Par décision du 26 octobre 2023, cette dernière a rejeté la requête de récusation en tant qu'elle visait les juges de la Cour d'appel et a considéré que la demande était pour le surplus sans objet, dans la mesure de sa recevabilité.

B.c. Le 2 novembre 2023, les parties à la procédure ont été instruites de la composition de la juridiction d'appel dans leur cause, à savoir les juges Pierre-Henri Winzap, Marc Pellet et Sandra Rouleau, présidente. Le 9 novembre 2023, le prévenu a derechef requis la récusation de l'ensemble des juges de la Cour d'appel et la constitution d'une cour ad hoc au sein du tribunal cantonal, subsidiairement le secours d'un tribunal neutre. Par lettre du 22 novembre 2023, C.________ a soutenu cette requête et a également conclu à la mise en oeuvre d'un tribunal neutre. La Cour d'appel a transmis ces deux demandes à la Cour des plaintes.

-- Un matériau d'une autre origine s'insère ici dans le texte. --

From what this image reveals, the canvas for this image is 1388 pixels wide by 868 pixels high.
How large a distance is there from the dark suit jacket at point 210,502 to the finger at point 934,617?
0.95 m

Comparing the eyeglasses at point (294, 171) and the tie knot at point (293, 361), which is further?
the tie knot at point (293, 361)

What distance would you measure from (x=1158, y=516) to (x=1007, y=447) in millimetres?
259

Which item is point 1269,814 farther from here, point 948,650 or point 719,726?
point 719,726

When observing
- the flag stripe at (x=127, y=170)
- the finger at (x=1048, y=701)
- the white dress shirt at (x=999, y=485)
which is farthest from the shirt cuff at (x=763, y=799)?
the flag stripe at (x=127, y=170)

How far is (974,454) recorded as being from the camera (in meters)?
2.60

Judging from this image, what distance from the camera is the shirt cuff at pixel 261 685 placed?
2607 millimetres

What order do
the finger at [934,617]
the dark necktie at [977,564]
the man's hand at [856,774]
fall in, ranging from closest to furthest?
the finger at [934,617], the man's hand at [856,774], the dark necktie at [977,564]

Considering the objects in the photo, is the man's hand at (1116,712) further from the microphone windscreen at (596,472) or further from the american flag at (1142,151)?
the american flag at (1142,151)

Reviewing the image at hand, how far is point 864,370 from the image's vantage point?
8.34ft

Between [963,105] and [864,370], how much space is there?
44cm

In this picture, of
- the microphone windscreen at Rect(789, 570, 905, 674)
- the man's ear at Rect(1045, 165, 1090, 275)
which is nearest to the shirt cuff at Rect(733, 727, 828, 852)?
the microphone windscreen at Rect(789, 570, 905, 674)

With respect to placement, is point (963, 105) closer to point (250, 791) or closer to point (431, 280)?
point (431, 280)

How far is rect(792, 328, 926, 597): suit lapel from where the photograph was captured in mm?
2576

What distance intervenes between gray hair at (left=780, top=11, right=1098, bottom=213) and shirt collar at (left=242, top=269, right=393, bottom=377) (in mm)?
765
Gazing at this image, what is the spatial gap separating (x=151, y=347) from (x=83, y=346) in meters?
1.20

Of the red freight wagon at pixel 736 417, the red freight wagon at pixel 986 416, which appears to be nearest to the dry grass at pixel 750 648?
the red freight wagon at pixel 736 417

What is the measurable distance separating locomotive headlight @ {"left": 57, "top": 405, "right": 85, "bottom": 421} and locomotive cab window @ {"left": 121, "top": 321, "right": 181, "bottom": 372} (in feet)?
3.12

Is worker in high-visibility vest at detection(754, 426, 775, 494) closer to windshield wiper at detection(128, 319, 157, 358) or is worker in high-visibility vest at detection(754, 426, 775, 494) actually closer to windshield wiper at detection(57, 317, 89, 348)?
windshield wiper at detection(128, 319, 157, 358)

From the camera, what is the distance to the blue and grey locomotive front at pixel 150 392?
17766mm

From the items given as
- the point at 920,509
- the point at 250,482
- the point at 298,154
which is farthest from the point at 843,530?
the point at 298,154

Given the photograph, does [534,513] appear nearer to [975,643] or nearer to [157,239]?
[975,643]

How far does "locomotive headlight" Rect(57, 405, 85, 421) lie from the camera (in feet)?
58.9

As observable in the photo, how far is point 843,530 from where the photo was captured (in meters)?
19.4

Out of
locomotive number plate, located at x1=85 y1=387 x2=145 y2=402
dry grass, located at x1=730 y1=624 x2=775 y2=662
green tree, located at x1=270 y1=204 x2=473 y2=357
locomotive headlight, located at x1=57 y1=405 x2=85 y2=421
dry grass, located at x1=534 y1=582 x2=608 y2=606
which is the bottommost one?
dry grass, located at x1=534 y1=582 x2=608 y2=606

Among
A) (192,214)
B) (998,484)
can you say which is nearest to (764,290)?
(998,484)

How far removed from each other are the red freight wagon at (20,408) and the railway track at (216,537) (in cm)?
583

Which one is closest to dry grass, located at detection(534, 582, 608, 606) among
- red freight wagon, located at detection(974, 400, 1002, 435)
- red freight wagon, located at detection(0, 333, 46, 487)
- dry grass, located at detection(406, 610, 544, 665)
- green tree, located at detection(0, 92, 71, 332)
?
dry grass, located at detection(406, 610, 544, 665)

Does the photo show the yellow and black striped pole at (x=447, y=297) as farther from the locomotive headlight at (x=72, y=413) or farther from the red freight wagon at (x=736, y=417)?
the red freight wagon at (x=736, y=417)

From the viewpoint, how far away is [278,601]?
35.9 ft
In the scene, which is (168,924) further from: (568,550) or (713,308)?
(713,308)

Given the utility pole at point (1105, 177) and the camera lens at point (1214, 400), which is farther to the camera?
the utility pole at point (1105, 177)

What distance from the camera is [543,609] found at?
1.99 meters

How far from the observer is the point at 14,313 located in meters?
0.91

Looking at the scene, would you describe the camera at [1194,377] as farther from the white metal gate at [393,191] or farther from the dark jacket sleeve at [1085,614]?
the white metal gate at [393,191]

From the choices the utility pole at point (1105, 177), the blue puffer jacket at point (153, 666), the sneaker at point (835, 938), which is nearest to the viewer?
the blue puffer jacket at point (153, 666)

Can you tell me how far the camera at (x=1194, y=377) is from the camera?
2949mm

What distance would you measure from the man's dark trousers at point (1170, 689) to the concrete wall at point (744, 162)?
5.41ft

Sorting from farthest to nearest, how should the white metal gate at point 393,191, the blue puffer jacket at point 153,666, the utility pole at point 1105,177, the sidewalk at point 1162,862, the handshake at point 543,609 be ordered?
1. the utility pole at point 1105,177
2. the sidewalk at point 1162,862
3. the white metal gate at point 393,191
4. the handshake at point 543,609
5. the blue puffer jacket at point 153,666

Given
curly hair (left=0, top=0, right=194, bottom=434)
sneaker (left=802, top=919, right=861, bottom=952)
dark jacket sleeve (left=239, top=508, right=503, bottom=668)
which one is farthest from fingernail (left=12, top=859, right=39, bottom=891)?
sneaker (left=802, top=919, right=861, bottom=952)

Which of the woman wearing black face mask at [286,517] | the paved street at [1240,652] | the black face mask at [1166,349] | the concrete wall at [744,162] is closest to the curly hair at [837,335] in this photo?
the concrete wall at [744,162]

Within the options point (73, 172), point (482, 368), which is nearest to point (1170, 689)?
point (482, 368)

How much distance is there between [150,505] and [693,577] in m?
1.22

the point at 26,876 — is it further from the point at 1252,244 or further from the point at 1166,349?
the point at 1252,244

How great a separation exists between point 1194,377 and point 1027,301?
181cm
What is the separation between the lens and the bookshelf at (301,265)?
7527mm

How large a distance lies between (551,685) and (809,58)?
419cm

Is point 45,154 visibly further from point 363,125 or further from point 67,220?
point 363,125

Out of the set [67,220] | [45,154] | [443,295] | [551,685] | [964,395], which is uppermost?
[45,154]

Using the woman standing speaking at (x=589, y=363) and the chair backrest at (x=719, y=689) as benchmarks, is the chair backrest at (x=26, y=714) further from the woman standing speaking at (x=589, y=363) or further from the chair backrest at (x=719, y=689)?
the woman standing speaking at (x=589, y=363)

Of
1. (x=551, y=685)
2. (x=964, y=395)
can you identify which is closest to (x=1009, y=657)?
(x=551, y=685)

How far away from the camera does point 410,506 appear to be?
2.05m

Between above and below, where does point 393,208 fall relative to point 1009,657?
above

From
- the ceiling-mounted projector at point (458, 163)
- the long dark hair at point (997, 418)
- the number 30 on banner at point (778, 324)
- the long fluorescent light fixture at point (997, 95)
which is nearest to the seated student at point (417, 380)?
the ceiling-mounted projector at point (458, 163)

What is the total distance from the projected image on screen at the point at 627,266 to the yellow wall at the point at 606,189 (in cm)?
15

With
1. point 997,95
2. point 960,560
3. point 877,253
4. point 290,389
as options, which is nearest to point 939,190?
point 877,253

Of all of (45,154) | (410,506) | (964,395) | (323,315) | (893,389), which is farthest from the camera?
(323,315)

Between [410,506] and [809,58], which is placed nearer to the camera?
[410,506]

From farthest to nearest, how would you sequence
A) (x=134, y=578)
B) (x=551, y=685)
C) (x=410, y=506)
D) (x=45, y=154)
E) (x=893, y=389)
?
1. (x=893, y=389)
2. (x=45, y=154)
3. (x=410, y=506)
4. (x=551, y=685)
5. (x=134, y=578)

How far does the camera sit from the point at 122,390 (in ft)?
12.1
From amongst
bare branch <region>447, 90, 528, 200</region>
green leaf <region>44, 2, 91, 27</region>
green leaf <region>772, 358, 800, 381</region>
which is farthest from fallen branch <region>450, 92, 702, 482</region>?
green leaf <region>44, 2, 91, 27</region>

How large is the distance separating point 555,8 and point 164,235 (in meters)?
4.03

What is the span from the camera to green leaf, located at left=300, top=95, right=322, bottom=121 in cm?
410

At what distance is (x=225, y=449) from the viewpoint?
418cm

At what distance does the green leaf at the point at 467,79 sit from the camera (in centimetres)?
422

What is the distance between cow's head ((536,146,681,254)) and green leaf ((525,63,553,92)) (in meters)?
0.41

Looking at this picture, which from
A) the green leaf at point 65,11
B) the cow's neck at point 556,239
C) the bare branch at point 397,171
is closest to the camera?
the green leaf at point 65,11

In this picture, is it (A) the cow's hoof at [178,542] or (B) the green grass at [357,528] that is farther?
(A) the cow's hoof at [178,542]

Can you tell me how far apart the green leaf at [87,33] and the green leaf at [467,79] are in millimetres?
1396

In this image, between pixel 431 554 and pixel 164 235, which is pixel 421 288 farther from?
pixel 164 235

Par décision du 5 décembre 2023, celle-ci les a rejetées. Elle a notamment souligné que les requérants ne faisaient pas valoir de motif qui n'eût pas déjà été examiné dans sa décision du 26 octobre 2023 et que de simples liens professionnels ou collégiaux ne suffisaient pas à créer une apparence objective de partialité.

B.d. Par courrier du 11 décembre 2023, le prévenu a requis la récusation des membres de la Cour d'appel appelés à trancher sa cause, affirmant répéter par là sa demande du 9 novembre 2023 qui aurait été transmise à tort à la Cour des plaintes. Cette requête était à nouveau fondée sur l'existence de liens professionnels et collégiaux entre C.________ et les juges concernés.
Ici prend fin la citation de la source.